*** SUPPLIED DATA Section Begins ***
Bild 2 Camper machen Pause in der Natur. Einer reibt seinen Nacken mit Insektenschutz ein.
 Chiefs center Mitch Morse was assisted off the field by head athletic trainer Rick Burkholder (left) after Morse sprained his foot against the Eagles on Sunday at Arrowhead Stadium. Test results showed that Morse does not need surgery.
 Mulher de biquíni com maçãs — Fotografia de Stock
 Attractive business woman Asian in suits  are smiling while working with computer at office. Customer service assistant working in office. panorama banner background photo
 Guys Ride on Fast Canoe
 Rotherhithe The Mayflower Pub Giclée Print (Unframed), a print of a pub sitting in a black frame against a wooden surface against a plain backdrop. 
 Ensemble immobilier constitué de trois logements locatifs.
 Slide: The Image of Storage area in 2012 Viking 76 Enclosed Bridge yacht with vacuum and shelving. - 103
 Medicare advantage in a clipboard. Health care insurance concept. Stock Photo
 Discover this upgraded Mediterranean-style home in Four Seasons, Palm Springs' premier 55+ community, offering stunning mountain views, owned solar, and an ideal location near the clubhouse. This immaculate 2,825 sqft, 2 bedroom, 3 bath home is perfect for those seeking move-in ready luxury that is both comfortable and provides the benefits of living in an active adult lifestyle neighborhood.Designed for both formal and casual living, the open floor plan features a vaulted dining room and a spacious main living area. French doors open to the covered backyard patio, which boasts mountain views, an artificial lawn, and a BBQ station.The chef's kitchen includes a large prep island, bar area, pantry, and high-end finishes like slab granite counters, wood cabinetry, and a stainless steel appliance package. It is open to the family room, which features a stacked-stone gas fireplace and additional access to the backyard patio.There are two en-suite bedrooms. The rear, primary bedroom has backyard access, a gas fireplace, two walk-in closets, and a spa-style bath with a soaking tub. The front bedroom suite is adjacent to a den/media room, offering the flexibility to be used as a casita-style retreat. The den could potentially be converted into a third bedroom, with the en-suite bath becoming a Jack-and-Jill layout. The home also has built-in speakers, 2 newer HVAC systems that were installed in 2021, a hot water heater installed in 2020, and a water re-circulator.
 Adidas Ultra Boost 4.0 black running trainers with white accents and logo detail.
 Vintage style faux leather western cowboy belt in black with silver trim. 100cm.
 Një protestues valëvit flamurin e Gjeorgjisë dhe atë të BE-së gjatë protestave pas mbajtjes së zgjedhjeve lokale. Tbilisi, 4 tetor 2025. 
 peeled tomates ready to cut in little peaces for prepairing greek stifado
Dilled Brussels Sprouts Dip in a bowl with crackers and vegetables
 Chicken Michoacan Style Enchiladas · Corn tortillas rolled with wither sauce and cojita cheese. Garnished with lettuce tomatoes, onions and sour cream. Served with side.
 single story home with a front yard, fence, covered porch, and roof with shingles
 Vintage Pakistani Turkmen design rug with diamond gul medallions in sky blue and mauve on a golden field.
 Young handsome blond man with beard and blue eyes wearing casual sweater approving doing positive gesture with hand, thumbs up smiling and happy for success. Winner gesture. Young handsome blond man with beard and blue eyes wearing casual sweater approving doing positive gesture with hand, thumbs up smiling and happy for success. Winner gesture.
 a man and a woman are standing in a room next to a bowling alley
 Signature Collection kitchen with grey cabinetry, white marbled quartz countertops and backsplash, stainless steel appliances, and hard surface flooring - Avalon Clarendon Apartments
*** SUPPLIED DATA Section Ends ***
▶ _PROBLEM DESCRIPTION_: Where the data above reaches the line holding "Mulher de biquíni", begin printing, and stop after the line holding "Medicare advantage in". Each line must be reproduced exactly, with nothing else added.

▶ _RESULT BELOW_:
 Mulher de biquíni com maçãs — Fotografia de Stock
 Attractive business woman Asian in suits  are smiling while working with computer at office. Customer service assistant working in office. panorama banner background photo
 Guys Ride on Fast Canoe
 Rotherhithe The Mayflower Pub Giclée Print (Unframed), a print of a pub sitting in a black frame against a wooden surface against a plain backdrop. 
 Ensemble immobilier constitué de trois logements locatifs.
 Slide: The Image of Storage area in 2012 Viking 76 Enclosed Bridge yacht with vacuum and shelving. - 103
 Medicare advantage in a clipboard. Health care insurance concept. Stock Photo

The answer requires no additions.